[Items from a dataset]
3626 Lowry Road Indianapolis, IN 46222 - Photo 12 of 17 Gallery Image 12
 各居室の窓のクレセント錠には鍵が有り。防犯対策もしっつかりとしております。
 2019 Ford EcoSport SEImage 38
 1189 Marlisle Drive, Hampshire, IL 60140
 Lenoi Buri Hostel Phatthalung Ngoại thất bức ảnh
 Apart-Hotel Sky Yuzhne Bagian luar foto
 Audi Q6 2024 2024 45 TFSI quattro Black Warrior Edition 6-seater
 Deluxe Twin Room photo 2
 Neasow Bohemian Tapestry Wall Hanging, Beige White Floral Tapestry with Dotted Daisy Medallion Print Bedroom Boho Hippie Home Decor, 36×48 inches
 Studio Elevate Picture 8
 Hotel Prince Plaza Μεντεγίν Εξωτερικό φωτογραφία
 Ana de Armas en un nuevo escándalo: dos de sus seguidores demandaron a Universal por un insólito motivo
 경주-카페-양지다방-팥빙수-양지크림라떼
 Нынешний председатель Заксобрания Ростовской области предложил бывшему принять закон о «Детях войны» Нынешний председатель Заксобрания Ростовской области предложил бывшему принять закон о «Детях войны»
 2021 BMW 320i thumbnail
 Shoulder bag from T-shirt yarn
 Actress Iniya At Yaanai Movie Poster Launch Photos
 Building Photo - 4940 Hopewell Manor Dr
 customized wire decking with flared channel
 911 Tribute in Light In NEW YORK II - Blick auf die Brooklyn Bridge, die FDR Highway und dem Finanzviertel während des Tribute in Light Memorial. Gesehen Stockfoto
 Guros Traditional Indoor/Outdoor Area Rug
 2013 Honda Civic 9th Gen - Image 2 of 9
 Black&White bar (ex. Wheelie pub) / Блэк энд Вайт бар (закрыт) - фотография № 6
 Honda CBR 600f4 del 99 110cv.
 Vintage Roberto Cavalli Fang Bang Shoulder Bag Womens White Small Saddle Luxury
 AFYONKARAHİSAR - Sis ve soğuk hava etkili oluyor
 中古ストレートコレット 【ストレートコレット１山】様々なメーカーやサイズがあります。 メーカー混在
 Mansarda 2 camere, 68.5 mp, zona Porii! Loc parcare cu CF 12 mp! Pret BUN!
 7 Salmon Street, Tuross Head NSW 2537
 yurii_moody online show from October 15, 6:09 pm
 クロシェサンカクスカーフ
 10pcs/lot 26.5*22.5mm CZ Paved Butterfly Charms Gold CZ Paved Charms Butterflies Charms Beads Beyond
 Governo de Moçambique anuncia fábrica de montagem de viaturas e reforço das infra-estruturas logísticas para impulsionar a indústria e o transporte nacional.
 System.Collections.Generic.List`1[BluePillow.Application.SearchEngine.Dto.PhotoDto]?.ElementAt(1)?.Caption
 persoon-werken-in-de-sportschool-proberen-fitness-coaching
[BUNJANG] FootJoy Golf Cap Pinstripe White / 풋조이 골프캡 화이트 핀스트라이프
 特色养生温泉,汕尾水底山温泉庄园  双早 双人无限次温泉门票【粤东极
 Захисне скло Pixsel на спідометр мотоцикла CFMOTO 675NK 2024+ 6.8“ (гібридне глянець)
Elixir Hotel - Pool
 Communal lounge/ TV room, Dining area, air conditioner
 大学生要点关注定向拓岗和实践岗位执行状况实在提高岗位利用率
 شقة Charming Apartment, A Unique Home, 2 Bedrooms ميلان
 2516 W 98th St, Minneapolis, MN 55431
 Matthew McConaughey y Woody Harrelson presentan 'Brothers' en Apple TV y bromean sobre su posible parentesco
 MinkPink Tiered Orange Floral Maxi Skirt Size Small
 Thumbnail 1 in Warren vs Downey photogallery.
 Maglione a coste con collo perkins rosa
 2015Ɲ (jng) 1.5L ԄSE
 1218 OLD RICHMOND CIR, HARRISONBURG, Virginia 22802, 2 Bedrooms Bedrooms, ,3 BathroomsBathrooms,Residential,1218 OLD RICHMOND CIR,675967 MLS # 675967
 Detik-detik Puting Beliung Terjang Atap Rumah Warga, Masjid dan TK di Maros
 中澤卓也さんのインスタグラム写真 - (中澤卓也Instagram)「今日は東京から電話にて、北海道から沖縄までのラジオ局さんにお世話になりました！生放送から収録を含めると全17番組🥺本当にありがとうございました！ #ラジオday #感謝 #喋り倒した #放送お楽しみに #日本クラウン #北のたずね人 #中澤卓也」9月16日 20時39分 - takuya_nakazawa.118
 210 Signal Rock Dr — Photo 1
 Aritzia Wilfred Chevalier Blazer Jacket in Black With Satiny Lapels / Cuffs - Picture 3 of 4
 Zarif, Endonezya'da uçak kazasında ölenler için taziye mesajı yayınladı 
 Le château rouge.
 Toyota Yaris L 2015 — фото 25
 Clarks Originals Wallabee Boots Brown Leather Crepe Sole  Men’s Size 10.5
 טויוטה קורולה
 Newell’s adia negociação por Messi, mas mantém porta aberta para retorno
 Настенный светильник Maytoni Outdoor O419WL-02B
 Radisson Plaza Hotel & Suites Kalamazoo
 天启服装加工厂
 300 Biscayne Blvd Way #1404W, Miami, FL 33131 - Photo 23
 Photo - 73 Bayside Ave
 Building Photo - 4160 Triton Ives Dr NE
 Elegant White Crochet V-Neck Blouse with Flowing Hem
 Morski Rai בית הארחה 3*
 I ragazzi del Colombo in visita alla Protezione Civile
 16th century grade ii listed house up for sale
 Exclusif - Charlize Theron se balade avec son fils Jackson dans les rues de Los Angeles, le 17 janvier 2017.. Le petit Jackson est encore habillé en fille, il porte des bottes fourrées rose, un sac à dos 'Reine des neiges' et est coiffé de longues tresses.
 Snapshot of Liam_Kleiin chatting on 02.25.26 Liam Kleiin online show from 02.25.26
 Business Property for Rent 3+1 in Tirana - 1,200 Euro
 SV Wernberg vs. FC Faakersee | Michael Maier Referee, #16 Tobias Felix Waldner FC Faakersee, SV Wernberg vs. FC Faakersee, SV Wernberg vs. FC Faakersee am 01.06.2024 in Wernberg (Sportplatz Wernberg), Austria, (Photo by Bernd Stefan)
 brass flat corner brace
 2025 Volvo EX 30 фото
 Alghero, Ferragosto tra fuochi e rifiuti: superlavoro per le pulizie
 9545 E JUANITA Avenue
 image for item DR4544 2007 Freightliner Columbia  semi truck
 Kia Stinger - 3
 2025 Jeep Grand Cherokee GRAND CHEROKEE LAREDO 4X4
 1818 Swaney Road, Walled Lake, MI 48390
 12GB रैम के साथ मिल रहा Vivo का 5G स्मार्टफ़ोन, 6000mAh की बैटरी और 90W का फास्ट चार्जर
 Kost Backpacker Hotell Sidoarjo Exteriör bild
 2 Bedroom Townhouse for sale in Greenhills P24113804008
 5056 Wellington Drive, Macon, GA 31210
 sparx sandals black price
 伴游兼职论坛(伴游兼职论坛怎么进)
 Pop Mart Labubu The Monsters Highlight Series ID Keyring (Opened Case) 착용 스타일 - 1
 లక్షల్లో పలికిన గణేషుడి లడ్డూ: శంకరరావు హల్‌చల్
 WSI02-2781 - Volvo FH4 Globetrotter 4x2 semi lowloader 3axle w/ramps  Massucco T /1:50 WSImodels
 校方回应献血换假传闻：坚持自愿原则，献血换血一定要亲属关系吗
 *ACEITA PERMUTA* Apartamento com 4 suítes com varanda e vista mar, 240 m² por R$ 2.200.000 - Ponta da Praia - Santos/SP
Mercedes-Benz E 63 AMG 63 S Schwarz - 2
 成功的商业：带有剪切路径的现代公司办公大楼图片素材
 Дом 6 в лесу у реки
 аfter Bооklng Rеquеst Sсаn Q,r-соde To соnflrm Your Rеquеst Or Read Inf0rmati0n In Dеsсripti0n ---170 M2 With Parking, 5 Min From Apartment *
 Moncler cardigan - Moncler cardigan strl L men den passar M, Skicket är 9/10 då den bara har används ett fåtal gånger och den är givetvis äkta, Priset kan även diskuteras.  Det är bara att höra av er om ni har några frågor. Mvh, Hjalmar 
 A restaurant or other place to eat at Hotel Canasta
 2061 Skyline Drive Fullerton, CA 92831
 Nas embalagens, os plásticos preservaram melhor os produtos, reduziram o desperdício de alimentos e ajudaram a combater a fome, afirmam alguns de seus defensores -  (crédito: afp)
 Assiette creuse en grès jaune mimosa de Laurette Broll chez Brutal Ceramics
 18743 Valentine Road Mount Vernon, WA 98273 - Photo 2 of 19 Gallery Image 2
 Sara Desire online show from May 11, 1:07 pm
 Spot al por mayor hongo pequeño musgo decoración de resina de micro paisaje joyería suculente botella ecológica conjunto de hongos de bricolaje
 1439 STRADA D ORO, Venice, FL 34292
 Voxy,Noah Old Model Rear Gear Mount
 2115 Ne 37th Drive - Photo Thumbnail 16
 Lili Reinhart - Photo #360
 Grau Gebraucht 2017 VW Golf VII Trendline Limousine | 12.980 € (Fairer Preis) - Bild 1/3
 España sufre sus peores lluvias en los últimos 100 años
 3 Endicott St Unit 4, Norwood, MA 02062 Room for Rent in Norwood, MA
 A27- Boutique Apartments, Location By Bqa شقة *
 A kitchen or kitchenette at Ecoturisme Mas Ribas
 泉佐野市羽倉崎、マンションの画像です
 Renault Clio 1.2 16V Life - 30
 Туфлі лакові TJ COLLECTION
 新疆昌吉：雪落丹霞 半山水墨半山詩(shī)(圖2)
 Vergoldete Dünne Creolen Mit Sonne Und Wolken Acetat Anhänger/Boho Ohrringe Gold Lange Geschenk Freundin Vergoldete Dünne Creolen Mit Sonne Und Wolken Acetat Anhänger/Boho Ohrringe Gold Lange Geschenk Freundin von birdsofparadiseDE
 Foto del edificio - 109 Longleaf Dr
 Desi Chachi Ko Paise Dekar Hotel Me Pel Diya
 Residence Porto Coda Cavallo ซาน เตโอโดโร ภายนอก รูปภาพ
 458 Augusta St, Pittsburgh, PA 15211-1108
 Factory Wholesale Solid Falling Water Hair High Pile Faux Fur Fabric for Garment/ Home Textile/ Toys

- [EXERCISE REQUIREMENTS]
Once you reach the line that contains "Туфлі лакові TJ COLLECTION", print it and every line after it exactly as written, stopping at the last line of the records and adding nothing.

- [OUTPUT FOR THIS EXERCISE]
 Туфлі лакові TJ COLLECTION
 新疆昌吉：雪落丹霞 半山水墨半山詩(shī)(圖2)
 Vergoldete Dünne Creolen Mit Sonne Und Wolken Acetat Anhänger/Boho Ohrringe Gold Lange Geschenk Freundin Vergoldete Dünne Creolen Mit Sonne Und Wolken Acetat Anhänger/Boho Ohrringe Gold Lange Geschenk Freundin von birdsofparadiseDE
 Foto del edificio - 109 Longleaf Dr
 Desi Chachi Ko Paise Dekar Hotel Me Pel Diya
 Residence Porto Coda Cavallo ซาน เตโอโดโร ภายนอก รูปภาพ
 458 Augusta St, Pittsburgh, PA 15211-1108
 Factory Wholesale Solid Falling Water Hair High Pile Faux Fur Fabric for Garment/ Home Textile/ Toys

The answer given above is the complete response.